The story called “Sundering Twins” perhaps best illustrates this devotion to the power that can come from growth, no matter how difficult. An overweight teenage girl and a skinny, bespectacled boy exchange very awkward fumblings in a closet, under a small but transformative skylight. The girl compares herself unfavorably to her sister, “the other twin, the one with hair she can sit on, jutting bones, and clear skin,” who somehow during conception “absorbed more of the energy, the goodness, the stuff—whatever it was—when the sperm did its job and the cells began dividing.” She likes to tell people “they were originally Siamese. Then they cut us apart, at the head, right here . . . And here, she’d say, pulling down her sock and pointing to a place rubbed raw by the wrong shoes.”
Under the skylight in her closet, the girl and boy perform their little acts, once again without a great deal of fuss, just enough motion to relieve their discomfort, and then it’s over:
She says: Is this how you do it?
He is un-resistant, worm to bone. The stuff in her hand wiped off on the red corduroy bag filled with ticket stubs and empty lipstick cases.

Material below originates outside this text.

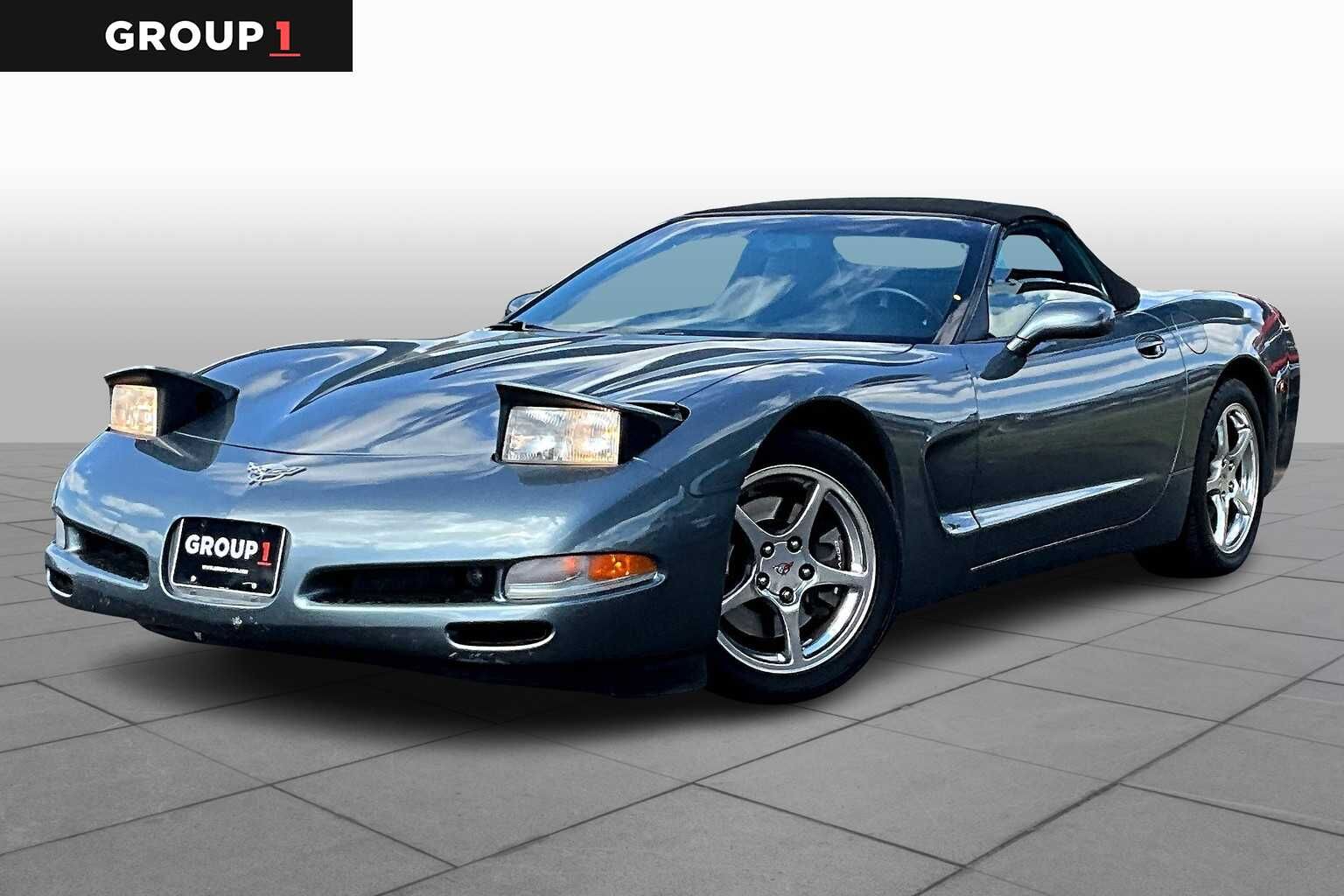 Chevrolet Corvette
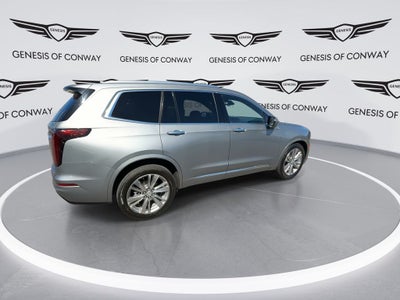 2023 Cadillac XT6 Premium Luxury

She is sodden, heavier than ever with the knowledge that he’s capable of giving in a way that merely leaves stuff on her hand.
Next time she’ll try her mouth.
For a few moments, one feels the emptiness of the encounter. Something should have changed, but there is nothing; boy and girl still seem alone, unmoved by their efforts to move on from family and childhood, truly severed. But then there is an unlikely discovery:
He looks at her, to his left, as they walk south on the east side of the street. He lets her take the inside part of the sidewalk because someone once told him to. The sun in his eyes makes him smile at it or at her, they’re holding cold drinks on a cold day, the sun shining down onto sparkling ice.
“Careful,” he tells her, grabbing her jacket and arm underneath. “ Don’t slip,” he says, suddenly sure of himself and the thing that went between them. The people on the street go around them, now that they’re touching . . . they’re both amazed at how little it takes.
And, just like that, a tiny but powerful push transforms what we thought was a poetic rendering of the static moment—a movement scarcely noticed, that utterly changes something from what it was just a few lines before. We are left with the sense that pain, as the catalyst for struggle, can sometimes create an astonishingly beautiful thing, one that changes us for good and surprises us with the force of the joy it brings. With In the Time of the Girls, Germanacos uses her gift of depicting the pain and joy of metamorphosis with equal precision, demonstrating the distortions and beauty of each, so that the reader feels both the weight and the value of change.
Anne Germanacos is the author of one collection of short stories, In the Time of the Girls (BOA Editions, 2010), which was selected for the American Reader Series. She holds an MFA from the Bennington Writing Seminars.